++++ Raw data ++++

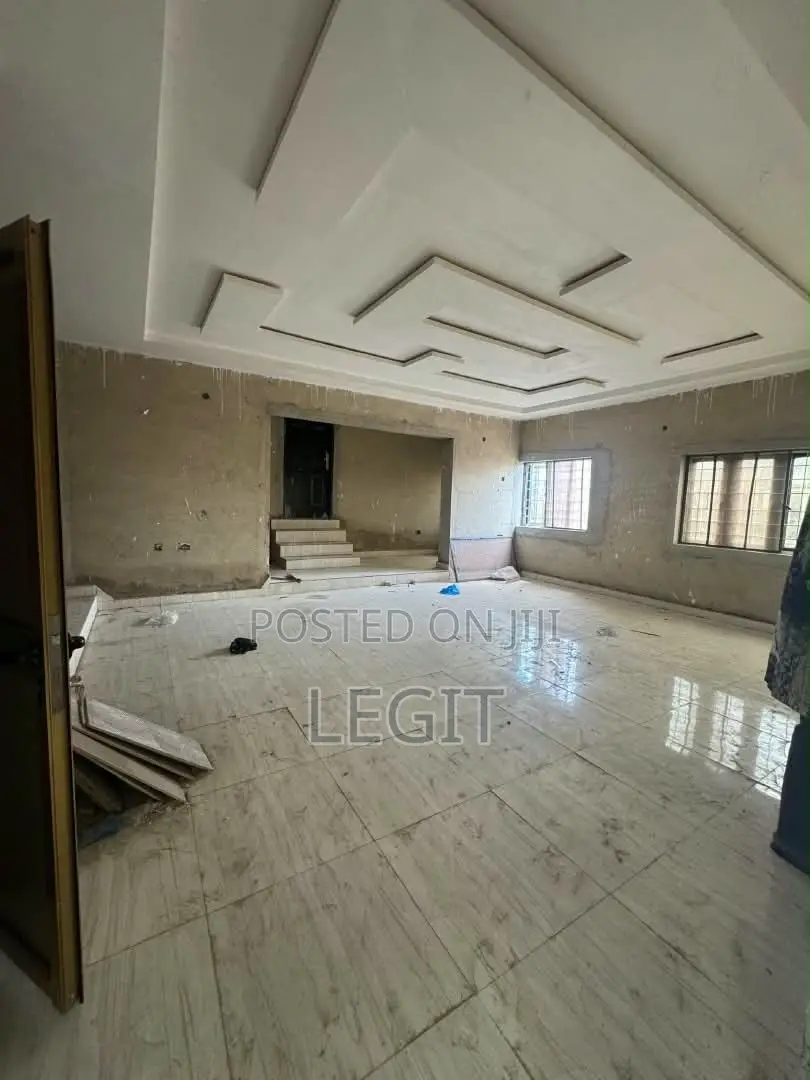 3bdrm Bungalow in Minna for sale in Minna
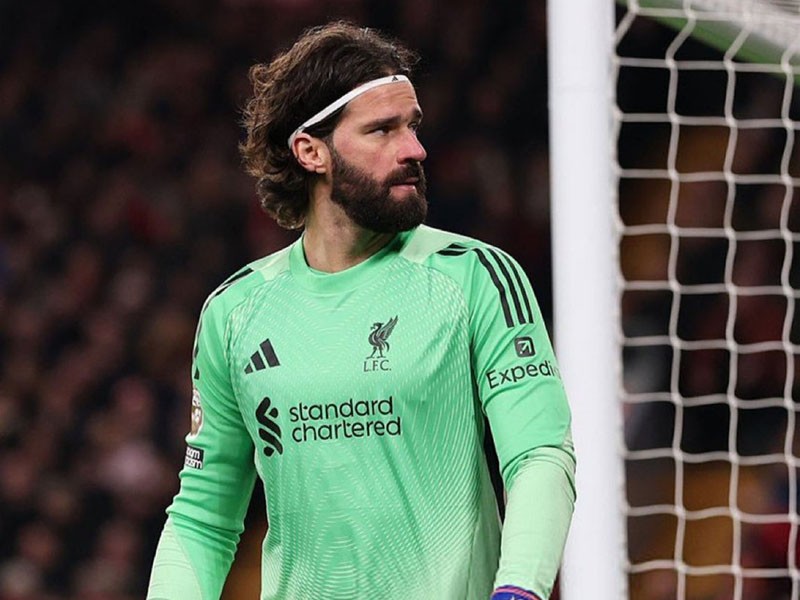 Liverpool lose Alisson for Champions League trip to Galatasaray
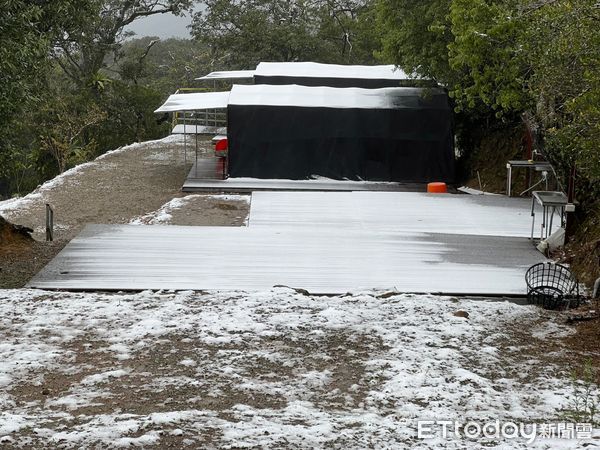 ▲▼新北三峽下雪。（圖／記者陸運陞翻攝）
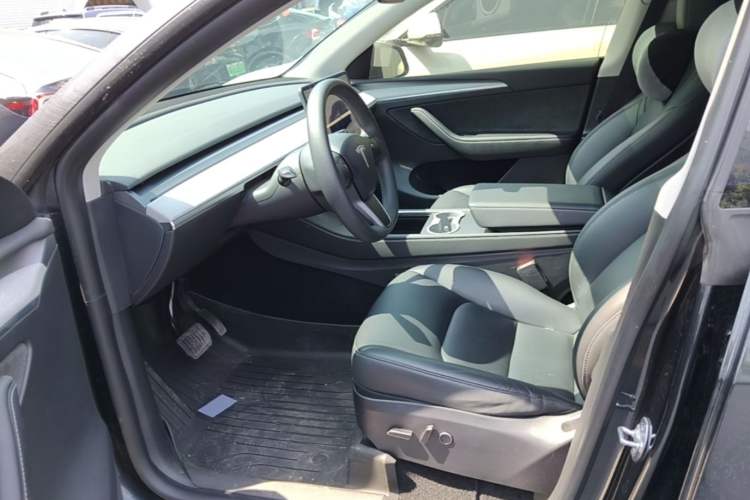 Used Tesla Model Y 2024 Rear-Wheel-Drive Version Left Front Seat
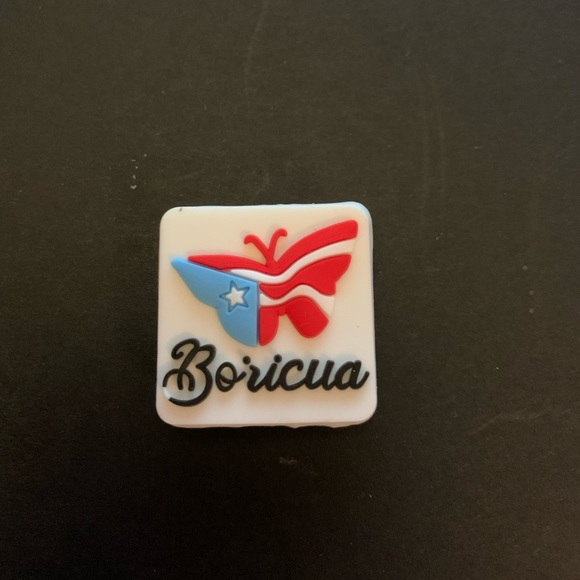 Croc Jewels Puerto Rican Queen - Picture 3 of 5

++++

What you need to do: Output exactly the lines from the one containing "Used Tesla Model" through the last line of the records above, both included, leaving out any pictures.

Solution below:
 Used Tesla Model Y 2024 Rear-Wheel-Drive Version Left Front Seat
 Croc Jewels Puerto Rican Queen - Picture 3 of 5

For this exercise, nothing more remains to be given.